As consequências do apagão de dados oficiais sobre mercado de trabalho são as mais diversas possíveis e vão desde a dificuldade de elaboração de políticas públicas para geração de trabalho e renda até a fuga de investidores estrangeiros do país. “Se o gestor sabe onde os empregos somem mais, pode fazer uma política mais localizada. A gente não tem como fazer nada disso. Se nós não temos como dizer, além de ver a olho nu os comércios fechando e a geração ruim de vagas, como o governo vai pensar em geração de emprego e renda se não sabe como vai o mercado de trabalho? Como vai pensar economia, como vai administrar a economia? É grave no ponto de investimentos. Que investidor estrangeiro vai colocar dinheiro no Brasil sem saber o que está acontecendo aqui? Seria assinar um cheque em branco, eles não vão fazer isso. O governo não consegue planejar políticas de emprego e renda, o investidor privado não consegue planejar política de negócio sem dados”, diz o professor Sidartha.
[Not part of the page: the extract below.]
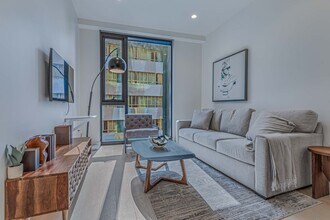 6401 Wilshire Blvd in Los Angeles, CA - Building Photo - Building Photo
O professor de economia da UFPE e consultor de empresas Ecio Costa considera importante a divulgação dos dados oficiais de empregabilidade para que se tenha uma real dimensão do cenário de emprego no país durante a pandemia, além de destacar outra consequência danosa causada pela falta da divulgação dessas informações: dificuldades na retomada econômica. “No período de retomada econômica após a pandemia, se você não tem o número de desempregados sendo informado, você também vai ter dificuldades para poder fazer políticas de recolocação das pessoas no mercado de trabalho. Aquela modalidade de carteira de trabalho verde amarelo, modalidade de contrato, quando você tem uma taxa de desemprego muito alta e ela é apresentada à sociedade, uma política como essa provavelmente mais facilmente seria aprovada a nível de congresso se você tivesse uma informação como essa”, afirma o especialista.
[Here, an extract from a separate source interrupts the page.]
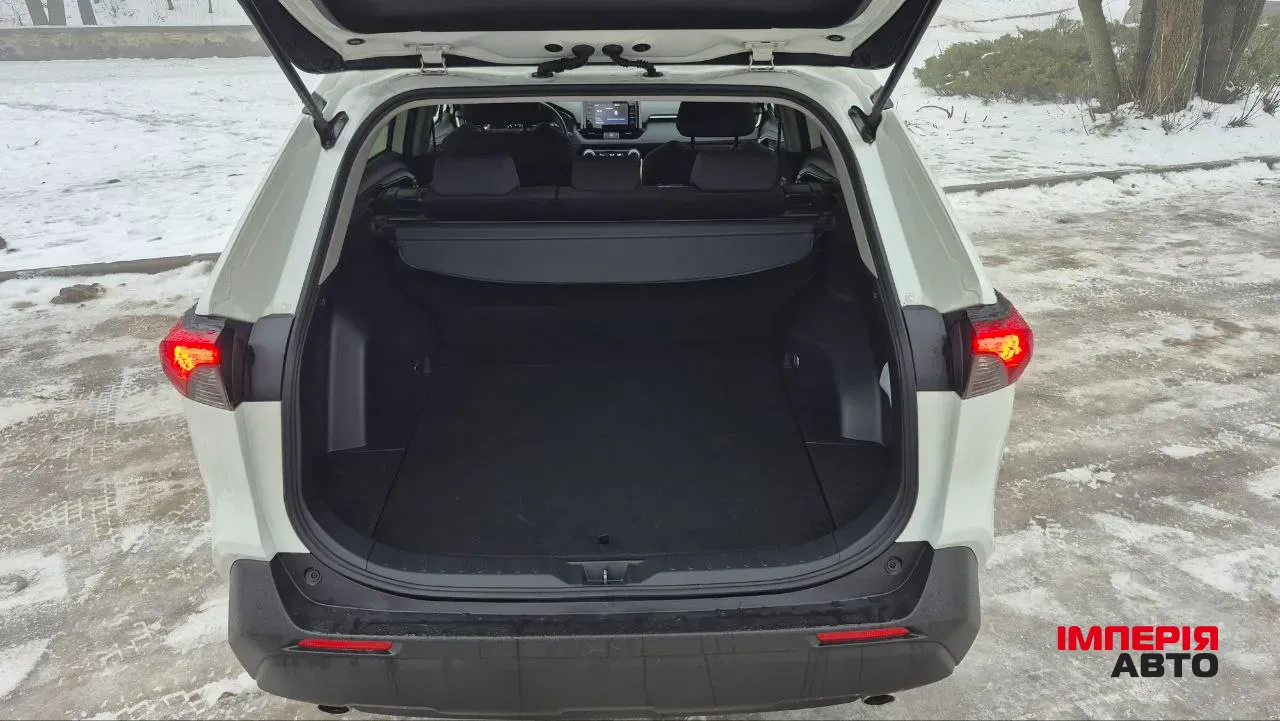 Toyota RAV4 - фото 10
A impossibilidade de monitoramento da efetividade das medidas adotadas pelo governo para tentar retomar os empregos também fica prejudicada, na visão do professor, uma vez que a sociedade não tem acesso aos dados de emprego e desemprego. “Como que a gente vai saber se a política está sendo eficaz, se ela está sendo utilizada realmente, quais os resultados para manutenção dos empregos? O governo anunciou que até o momento foram mantidos 4,6 milhões de empregos através dessa política, mas a gente não vê os dados sendo publicados para afirmar isso”, aponta o professor.
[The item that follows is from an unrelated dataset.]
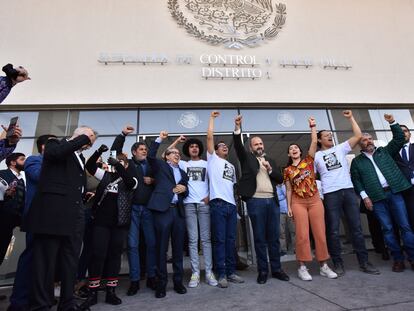 Los estudiantes Javier Armenta, Iván Ilich Cisneros y José Alexis Rojas, al salir del juzgado de Puente Grande, este 10 de enero.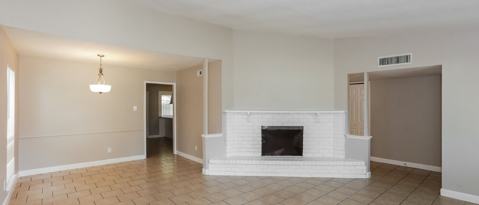 7330 Cloverglen Dr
Ele também indica uma dificuldade para estruturar e mensurar programas sociais diante do desconhecimento não apenas da empregabilidade, mas consequentemente do nível de renda da população e de sua disposição ao consumo. “À medida que você tem uma queda no emprego, a renda disponível para o consumo também cai, então quando você não mede essa taxa de desemprego, você não sabe como a renda disponível para consumo vai estar funcionando, como vai estar disponível e qual o montante dela. Além disso, os programas sociais ficam difíceis de serem mensurados, porque você não tem a informação oficial sendo apresentada”, afirma Ecio.